* [Exercise instructions]: Give back all the data below exactly as it is shown.

* [Source material]:
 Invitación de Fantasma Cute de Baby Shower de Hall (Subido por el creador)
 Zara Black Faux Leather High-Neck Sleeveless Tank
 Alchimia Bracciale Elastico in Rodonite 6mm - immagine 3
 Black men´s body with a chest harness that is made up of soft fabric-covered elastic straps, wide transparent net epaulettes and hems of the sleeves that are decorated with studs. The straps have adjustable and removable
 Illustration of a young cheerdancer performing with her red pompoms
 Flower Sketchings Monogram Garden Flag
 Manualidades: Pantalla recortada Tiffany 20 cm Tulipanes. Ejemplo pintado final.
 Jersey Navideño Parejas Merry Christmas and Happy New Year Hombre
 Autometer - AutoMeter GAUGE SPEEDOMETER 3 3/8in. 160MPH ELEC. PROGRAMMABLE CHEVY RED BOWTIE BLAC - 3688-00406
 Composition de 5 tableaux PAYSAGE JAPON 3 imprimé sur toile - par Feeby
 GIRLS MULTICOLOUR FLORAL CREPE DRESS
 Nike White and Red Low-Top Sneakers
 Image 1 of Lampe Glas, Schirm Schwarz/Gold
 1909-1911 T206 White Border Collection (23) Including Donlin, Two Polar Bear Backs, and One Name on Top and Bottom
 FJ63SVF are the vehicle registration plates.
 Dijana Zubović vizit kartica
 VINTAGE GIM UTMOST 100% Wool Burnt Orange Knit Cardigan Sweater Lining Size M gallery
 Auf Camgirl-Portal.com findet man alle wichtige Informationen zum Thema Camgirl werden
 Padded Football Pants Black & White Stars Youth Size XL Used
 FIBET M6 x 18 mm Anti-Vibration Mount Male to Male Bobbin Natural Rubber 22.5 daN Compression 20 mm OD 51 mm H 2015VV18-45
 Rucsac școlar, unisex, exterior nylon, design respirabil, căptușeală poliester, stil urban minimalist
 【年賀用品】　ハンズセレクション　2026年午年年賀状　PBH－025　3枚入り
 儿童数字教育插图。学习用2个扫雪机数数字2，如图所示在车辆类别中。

* [Answer section]:
 Invitación de Fantasma Cute de Baby Shower de Hall (Subido por el creador)
 Zara Black Faux Leather High-Neck Sleeveless Tank
 Alchimia Bracciale Elastico in Rodonite 6mm - immagine 3
 Black men´s body with a chest harness that is made up of soft fabric-covered elastic straps, wide transparent net epaulettes and hems of the sleeves that are decorated with studs. The straps have adjustable and removable
 Illustration of a young cheerdancer performing with her red pompoms
 Flower Sketchings Monogram Garden Flag
 Manualidades: Pantalla recortada Tiffany 20 cm Tulipanes. Ejemplo pintado final.
 Jersey Navideño Parejas Merry Christmas and Happy New Year Hombre
 Autometer - AutoMeter GAUGE SPEEDOMETER 3 3/8in. 160MPH ELEC. PROGRAMMABLE CHEVY RED BOWTIE BLAC - 3688-00406
 Composition de 5 tableaux PAYSAGE JAPON 3 imprimé sur toile - par Feeby
 GIRLS MULTICOLOUR FLORAL CREPE DRESS
 Nike White and Red Low-Top Sneakers
 Image 1 of Lampe Glas, Schirm Schwarz/Gold
 1909-1911 T206 White Border Collection (23) Including Donlin, Two Polar Bear Backs, and One Name on Top and Bottom
 FJ63SVF are the vehicle registration plates.
 Dijana Zubović vizit kartica
 VINTAGE GIM UTMOST 100% Wool Burnt Orange Knit Cardigan Sweater Lining Size M gallery
 Auf Camgirl-Portal.com findet man alle wichtige Informationen zum Thema Camgirl werden
 Padded Football Pants Black & White Stars Youth Size XL Used
 FIBET M6 x 18 mm Anti-Vibration Mount Male to Male Bobbin Natural Rubber 22.5 daN Compression 20 mm OD 51 mm H 2015VV18-45
 Rucsac școlar, unisex, exterior nylon, design respirabil, căptușeală poliester, stil urban minimalist
 【年賀用品】　ハンズセレクション　2026年午年年賀状　PBH－025　3枚入り
 儿童数字教育插图。学习用2个扫雪机数数字2，如图所示在车辆类别中。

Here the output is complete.